À partir de là, je me suis retrouvée à pouvoir dire que j’avais fini mon roman malgré les doutes persistants et les petits détails qui me chiffonnent encore. Il n’est pas parfait, évidemment, mais il me plaît. Mon réflexe a donc été : je vais l’envoyer. Oui, mais chez qui ? J’ai donc été confrontée à un choix : celui des maisons d’édition. Pour ça, je me suis posé plusieurs questions très larges : quel est le public visé ? Quelle tranche d’âge ? Une chose à laquelle j’avais déjà réfléchi lors de l’écriture sans jamais pouvoir trouver une réponse. Mon roman rentre-t-il dans un genre ? Je n’ai pas de genre de prédilection  j’ai écrit du fantastique, j’ai débuté un roman SF dernièrement, j’adore écrire du théâtre, je suis assez versatile dans mon écriture. Donc je ne pouvais pas juste me dire « comme d’habitude ». Policier ? Non, pas principalement, mais il s’agit plus ou moins d’une enquête, sur une secte, qui plus est. Littérature jeunesse, alors ? Il est question de thèmes trop difficiles — j’y parle de kidnapping, d’agressions et de maladie mentale, tout de même —, pourtant, vu l’âge de ma protagoniste, cela pourrait.

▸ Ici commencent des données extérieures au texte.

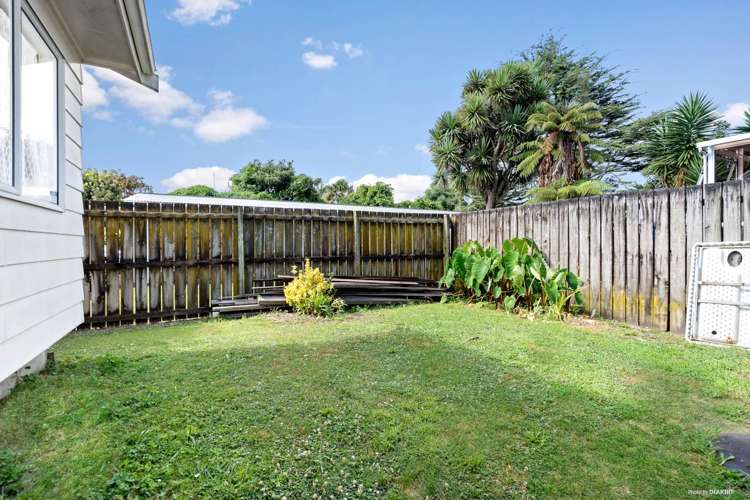 2/8 Kelvin Road Papakura_11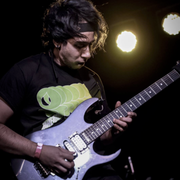 Chris Mifsud uses 1 Fast Guitars product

Définir votre roman peut être une tâche ardue. Mais nécessaire. Car c’est comme ça que vous allez pouvoir cibler les maisons d’édition les plus susceptibles de correspondre à votre projet. J’ai moi-même fini par opter pour le côté policier, mais je ne suis toujours pas sûre d’avoir fait le bon choix. Bien entendu, rien n’est définitif  si aucune des maisons ne m’a répondu positivement, alors je peux basculer sur des maisons d’un autre genre. Attention cependant à ne pas céder à la tentation d’envoyer à Hachette et Gallimard juste parce que ce sont les maisons d’édition dont on parle le plus. Effectivement, ils ont l’avantage d’avoir un budget conséquent à accorder à la communication, mais ils ont aussi beaucoup de demandes, et beaucoup de publications. Autrement dit, plus la maison d’édition est importante, plus il y a de risques que vous soyez peu accompagné, faute de temps de leur part.

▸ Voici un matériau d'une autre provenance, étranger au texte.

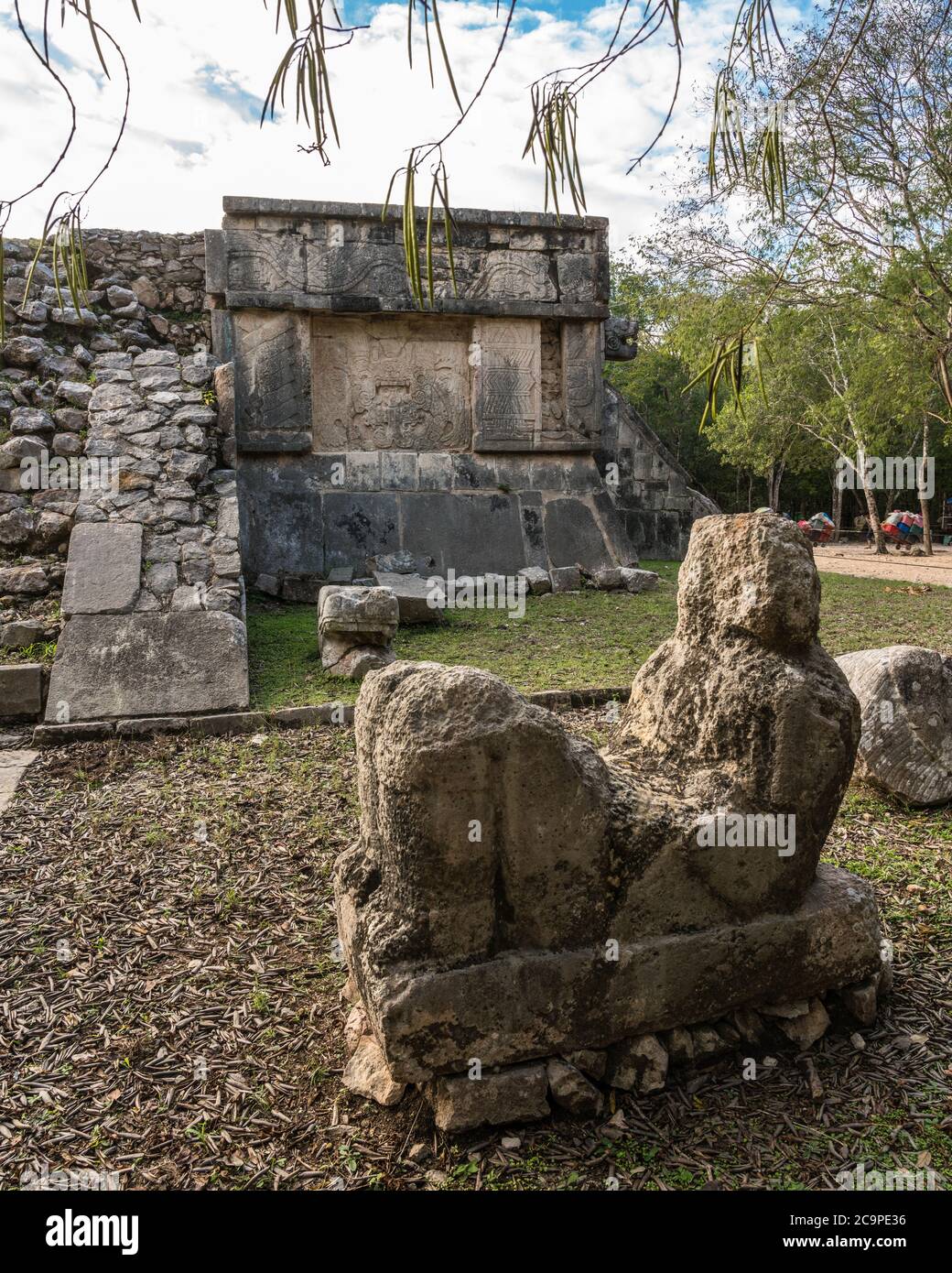 A Chac Mool statue by the Platform of Venus on the Main Plaza of the ruins of the great Mayan city of Chichen Itza, Yucatan, Mexico. Stock Photo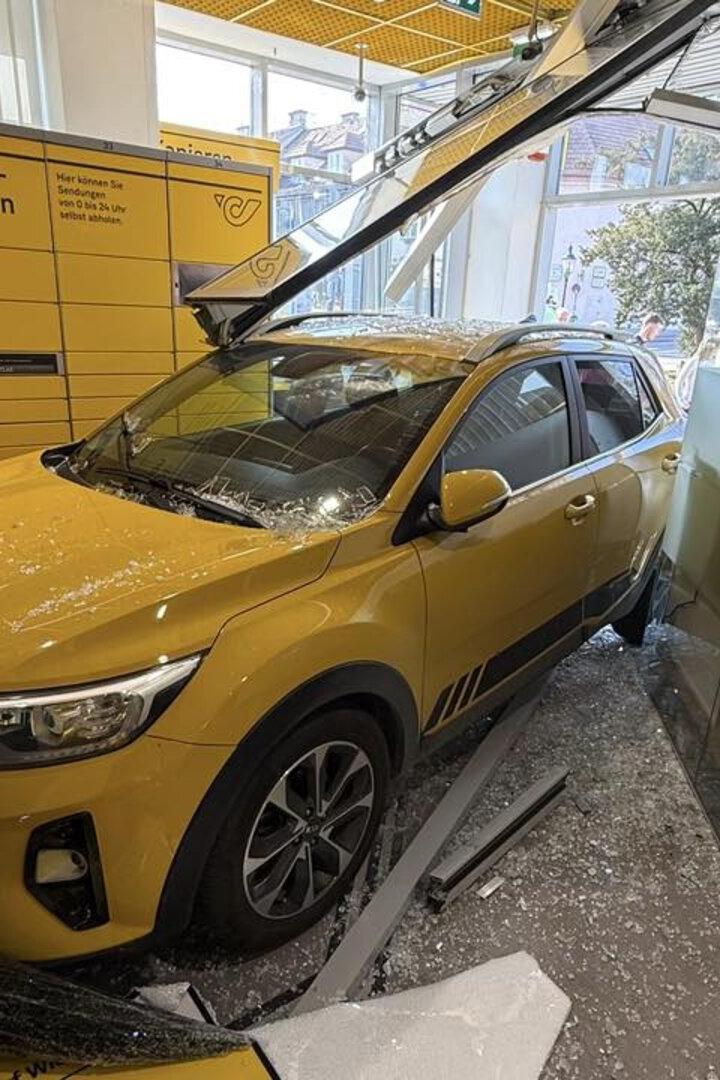 Pkw steht mitten in der Postfiliale 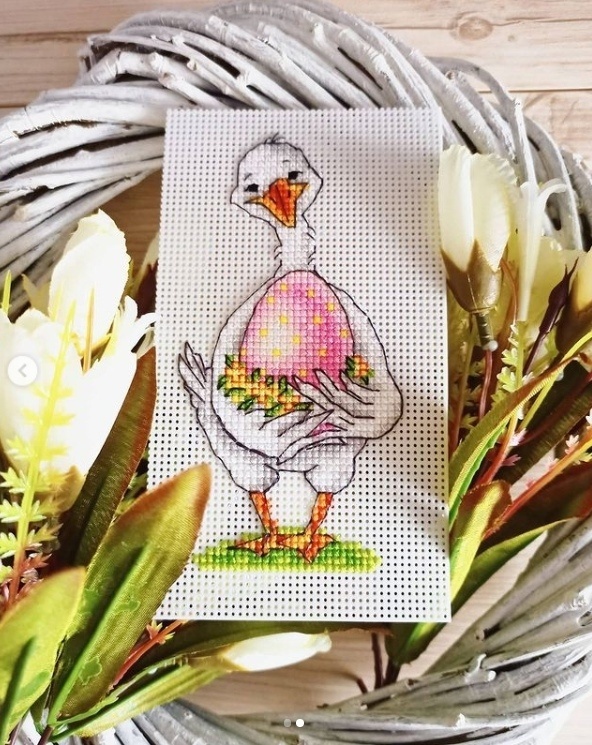 Goose with a Pink Egg Cross Stitch Pattern фото 3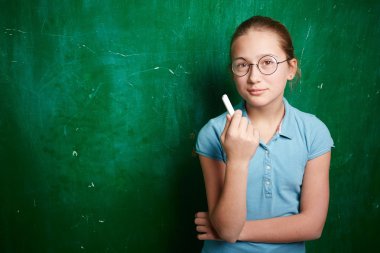 gözlük kız öğrenci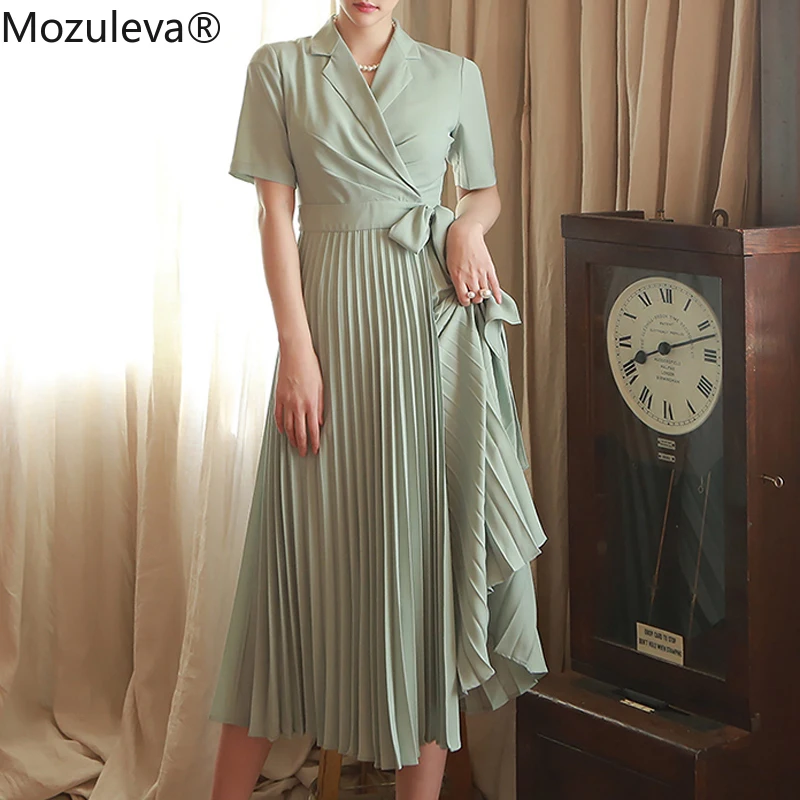 Женское плиссированное платье средней длины с коротким рукавом и высокой талией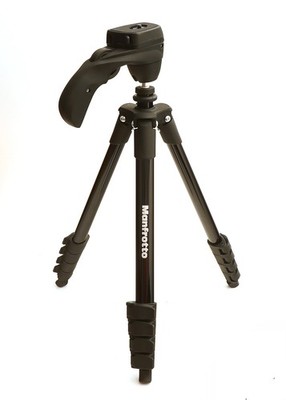 Manfrotto Compact Action MKCOMPACTACN-BK Kamera Dreibein Stativ mit Kugelkopf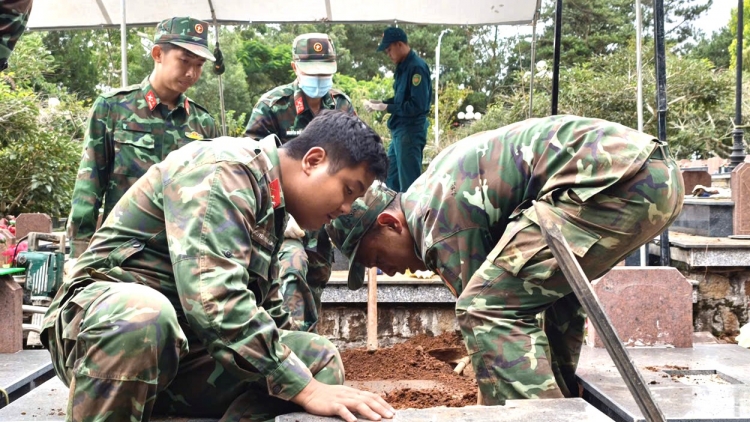 Lâm Đồng lơh sir ai mẫu sinh phẩm tàm 9 tàm 11 ƀlàng tơ̆p ƀồc cau ling chơ̆t màng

L’important pour moi était — est toujours — de trouver une maison d’édition qui me corresponde, en termes d’écriture, mais aussi humainement. Je veux me sentir accompagnée dans ma démarche de publication et pouvoir promouvoir au mieux mon roman. J’ai donc sélectionné cinq maisons d’édition. Pour les choisir, je me suis dit que j’allais me concentrer sur le style policier de mon roman. J’ai donc sélectionné deux « grosses » maisons d’édition, deux « moyennes », et une collection. Pour cette dernière, j’ai envoyé à la maison d’édition en précisant bien que mon manuscrit était à destination de cette collection précisément.


Troisième étape, encore

Un détail qui mérite d’être précisé : certaines maisons d’édition, surtout en ces temps troublés, n’acceptent pas les manuscrits papier. Ça reste assez rare, mais vérifier les modalités d’envoi des manuscrits est essentiel pour ne pas perdre du temps, de l’argent, un manuscrit ou même une chance de se faire publier — et accessoirement pour ne pas passer pour un idiot.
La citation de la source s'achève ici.